Porca miseria ! On a fini la liste, se désola Colonello.

– Non. Il y a un humain qui n’est pas sur la liste. Celui qui vit chez Bouboulina, indiqua Zorbas.

Bouboulina était une belle chatte blanche et noire qui passait de longues heures parmi les fleurs d’un balcon. Tous les chats du port se promenaient lentement devant elle, montrant l’élasticité de leur corps, le brillant de leur fourrure bien soignée, la longueur de leurs moustaches, l’élégance de leur queue dressée, ils essayaient de l’impressionner. Mais Bouboulina paraissait indifférente et n’acceptait que les caresses d’un humain qui s’installait sur le balcon avec une machine à écrire.

C’était un humain bizarre qui, parfois, riait en lisant ce qu’il venait d’écrire et d’autres fois froissait sans les lire les pages arrachées à la machine.

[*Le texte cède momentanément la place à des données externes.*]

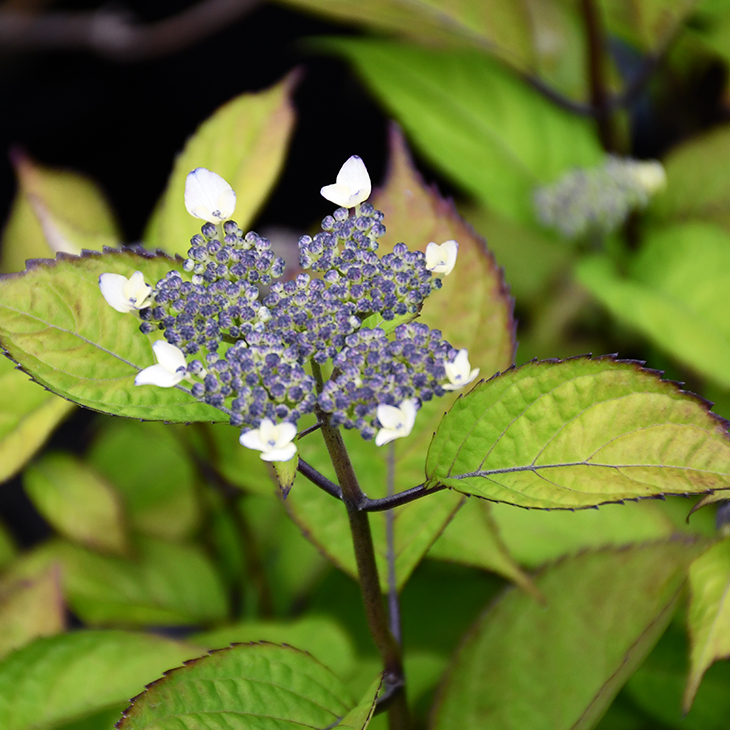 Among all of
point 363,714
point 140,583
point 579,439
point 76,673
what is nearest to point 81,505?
point 140,583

De son balcon s’échappait toujours une musique douce et mélancolique qui endormait Bouboulina et provoquait de gros soupirs chez les chats qui passaient tout près.

– L’humain de Bouboulina ? Pourquoi lui ? demanda Colonello.

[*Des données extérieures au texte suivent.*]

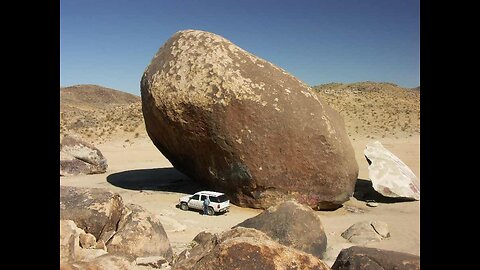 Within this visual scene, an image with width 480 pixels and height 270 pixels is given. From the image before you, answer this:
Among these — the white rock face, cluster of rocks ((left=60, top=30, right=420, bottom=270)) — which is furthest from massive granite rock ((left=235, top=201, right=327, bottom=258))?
the white rock face

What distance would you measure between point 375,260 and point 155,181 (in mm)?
10607

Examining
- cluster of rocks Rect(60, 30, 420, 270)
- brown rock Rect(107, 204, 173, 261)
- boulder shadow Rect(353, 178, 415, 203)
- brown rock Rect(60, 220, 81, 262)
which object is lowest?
boulder shadow Rect(353, 178, 415, 203)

– Je ne sais pas. Il m’inspire confiance. Je l’ai entendu lire ce qu’il écrit. Ce sont de beaux mots qui rendent joyeux ou tristes, mais qui donnent toujours du plaisir et le désir de continuer à écouter, expliqua Zorbas.

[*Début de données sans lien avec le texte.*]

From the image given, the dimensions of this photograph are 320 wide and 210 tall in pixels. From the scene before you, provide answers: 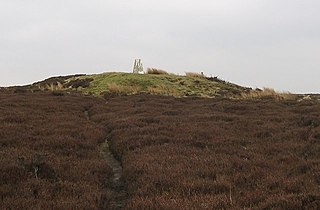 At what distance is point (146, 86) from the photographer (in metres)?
A: 34.2

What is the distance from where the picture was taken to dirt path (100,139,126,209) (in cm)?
811

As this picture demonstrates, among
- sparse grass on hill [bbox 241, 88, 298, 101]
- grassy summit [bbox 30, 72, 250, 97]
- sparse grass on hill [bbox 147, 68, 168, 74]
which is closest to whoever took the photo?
sparse grass on hill [bbox 241, 88, 298, 101]

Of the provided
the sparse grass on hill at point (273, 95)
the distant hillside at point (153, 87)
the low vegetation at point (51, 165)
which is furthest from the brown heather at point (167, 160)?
the distant hillside at point (153, 87)

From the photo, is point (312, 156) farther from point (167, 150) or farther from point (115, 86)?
point (115, 86)

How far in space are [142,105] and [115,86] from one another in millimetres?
9480

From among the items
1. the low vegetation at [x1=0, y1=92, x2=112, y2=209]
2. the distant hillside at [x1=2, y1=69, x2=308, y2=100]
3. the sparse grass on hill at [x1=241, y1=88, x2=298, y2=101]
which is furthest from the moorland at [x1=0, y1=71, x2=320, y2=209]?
the distant hillside at [x1=2, y1=69, x2=308, y2=100]

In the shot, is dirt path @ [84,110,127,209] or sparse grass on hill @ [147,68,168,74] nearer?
dirt path @ [84,110,127,209]

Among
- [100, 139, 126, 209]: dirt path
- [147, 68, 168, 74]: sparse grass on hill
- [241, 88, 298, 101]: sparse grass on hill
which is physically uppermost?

– Un poète ! Ce qu’il fait s’appelle poésie. Tome 16, lettre P de l’encyclopédie, précisa Jesaistout.

– Et qu’est-ce qui te fait penser qu’un humain sait voler ? voulut savoir Secrétario.

– Il ne sait peut-être pas voler avec des ailes d’oiseau, mais en l’entendant, j’ai toujours pensé qu’il volait avec ses mots, répondit Zorbas…. »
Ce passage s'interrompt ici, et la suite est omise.